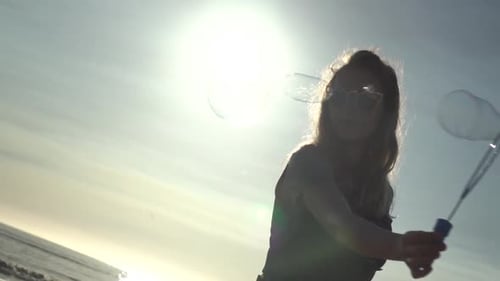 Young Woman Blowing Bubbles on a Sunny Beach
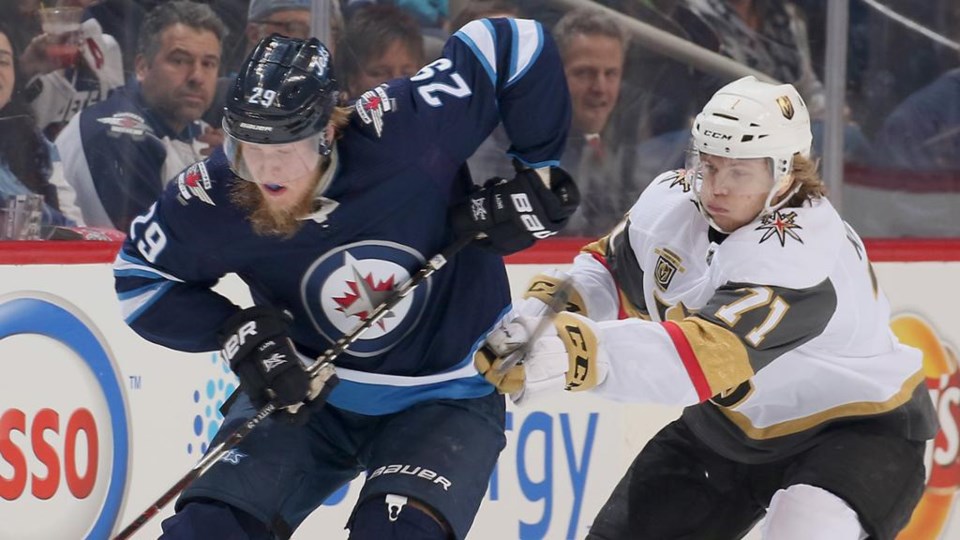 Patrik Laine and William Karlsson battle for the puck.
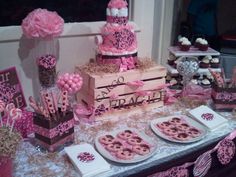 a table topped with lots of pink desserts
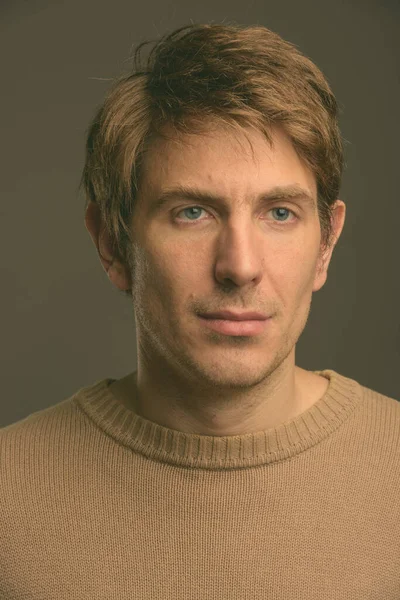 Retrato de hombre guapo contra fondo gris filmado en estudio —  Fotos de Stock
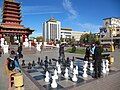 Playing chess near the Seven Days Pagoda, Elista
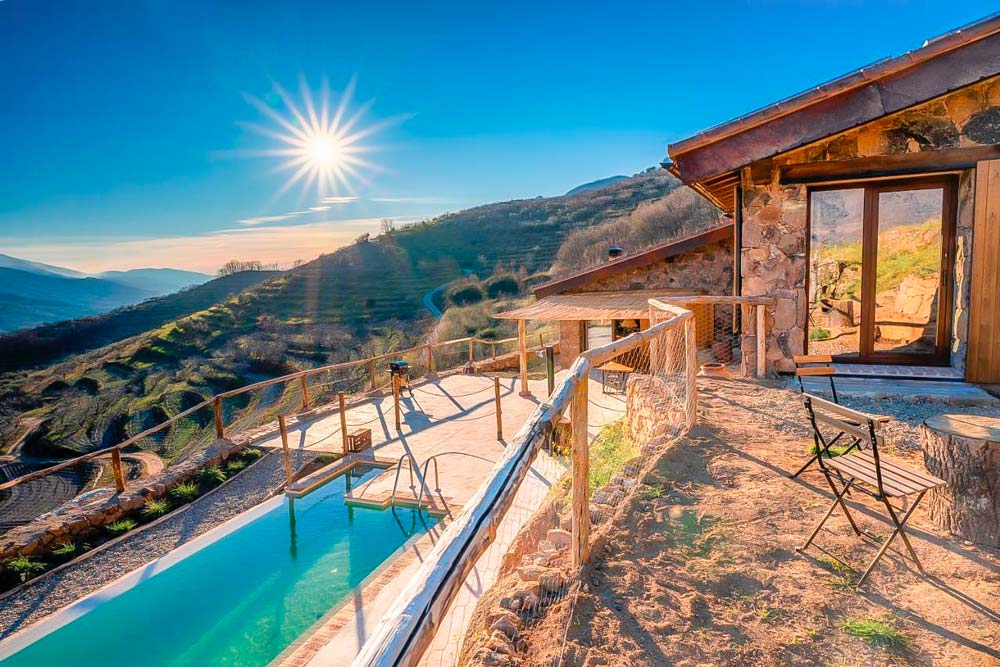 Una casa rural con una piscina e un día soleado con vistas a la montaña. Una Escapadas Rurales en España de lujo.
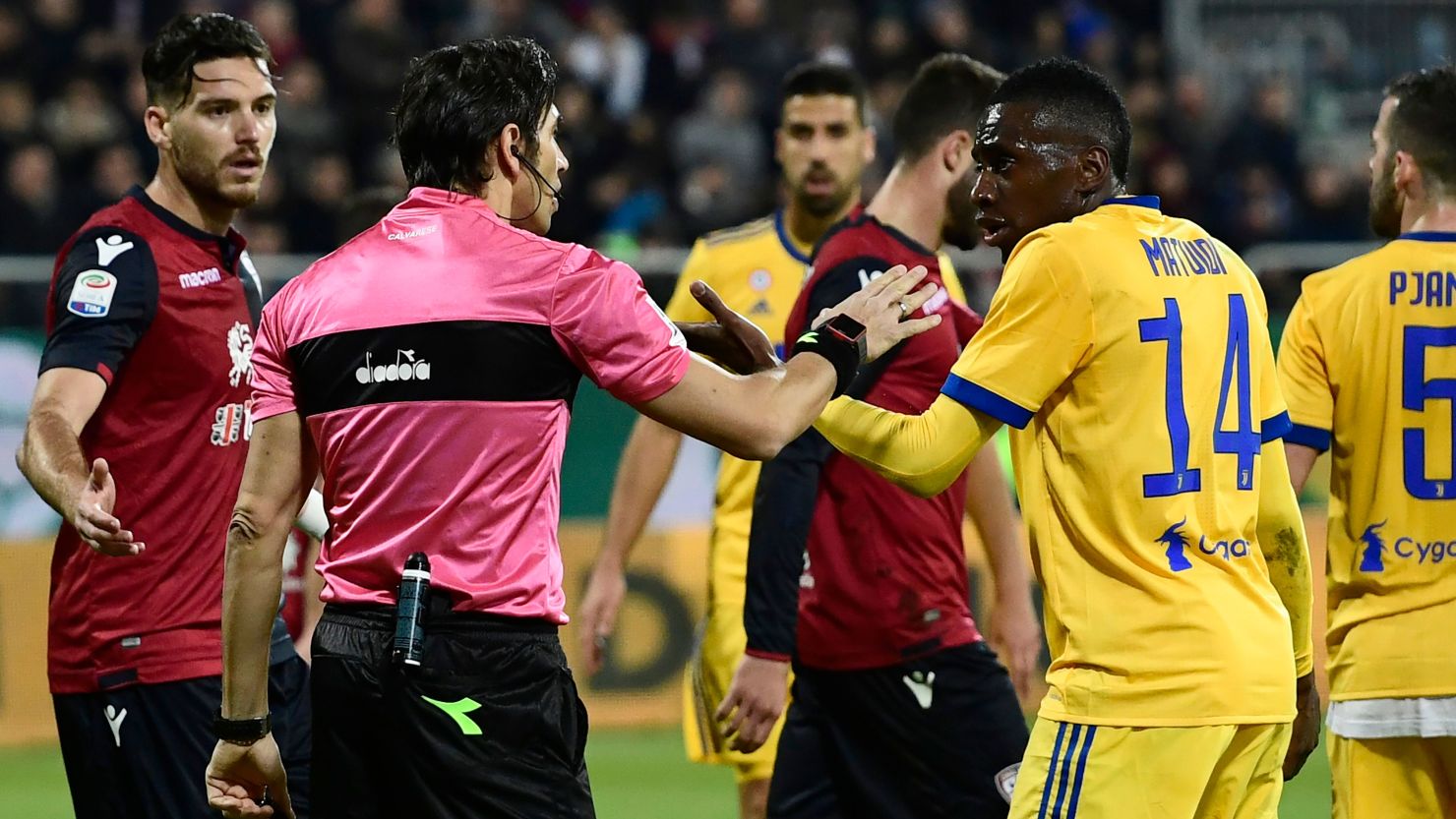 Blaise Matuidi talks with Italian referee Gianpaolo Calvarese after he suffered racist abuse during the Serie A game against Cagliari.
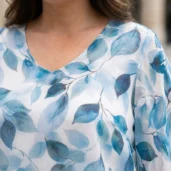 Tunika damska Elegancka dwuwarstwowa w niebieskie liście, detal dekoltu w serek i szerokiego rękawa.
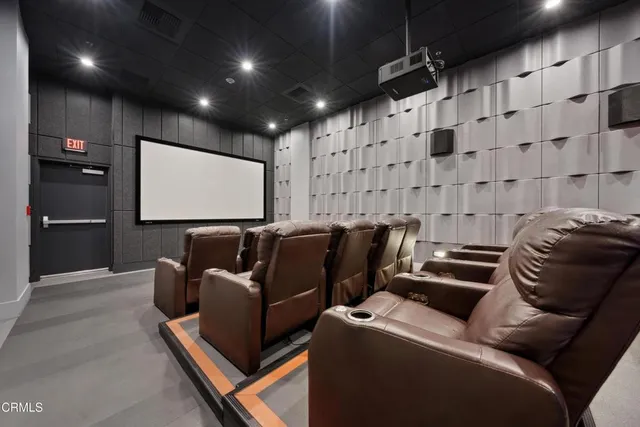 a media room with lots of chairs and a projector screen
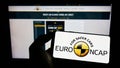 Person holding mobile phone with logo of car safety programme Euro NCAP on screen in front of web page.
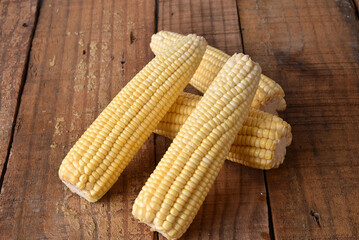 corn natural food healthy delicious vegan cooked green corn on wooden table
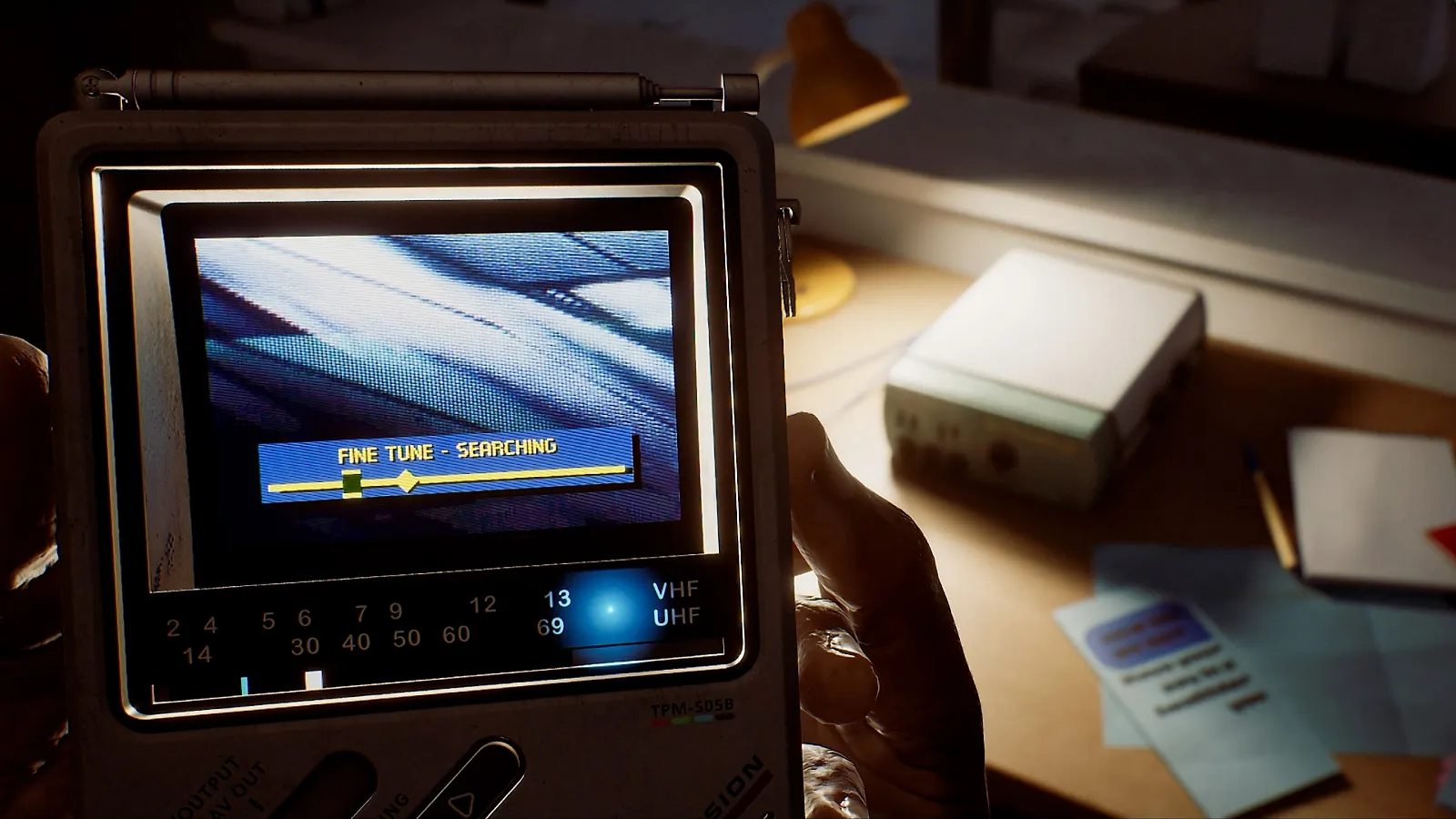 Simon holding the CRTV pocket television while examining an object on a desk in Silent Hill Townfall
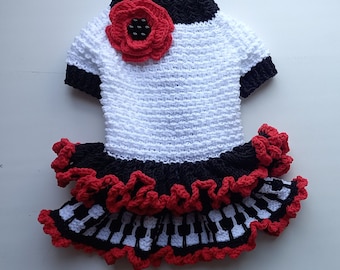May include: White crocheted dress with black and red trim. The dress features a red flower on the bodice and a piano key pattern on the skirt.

● ● ● ● ● ● ●

WHAT TO DO:
Exactly as they appear above, write out all the entries, but not the images.

TASK OUTPUT:
 Young Woman Blowing Bubbles on a Sunny Beach
 Patrik Laine and William Karlsson battle for the puck.
 a table topped with lots of pink desserts
 Retrato de hombre guapo contra fondo gris filmado en estudio —  Fotos de Stock
 Playing chess near the Seven Days Pagoda, Elista
 Una casa rural con una piscina e un día soleado con vistas a la montaña. Una Escapadas Rurales en España de lujo.
 Blaise Matuidi talks with Italian referee Gianpaolo Calvarese after he suffered racist abuse during the Serie A game against Cagliari.
 Tunika damska Elegancka dwuwarstwowa w niebieskie liście, detal dekoltu w serek i szerokiego rękawa.
 a media room with lots of chairs and a projector screen
 Person holding mobile phone with logo of car safety programme Euro NCAP on screen in front of web page.
 corn natural food healthy delicious vegan cooked green corn on wooden table
 Simon holding the CRTV pocket television while examining an object on a desk in Silent Hill Townfall
May include: White crocheted dress with black and red trim. The dress features a red flower on the bodice and a piano key pattern on the skirt.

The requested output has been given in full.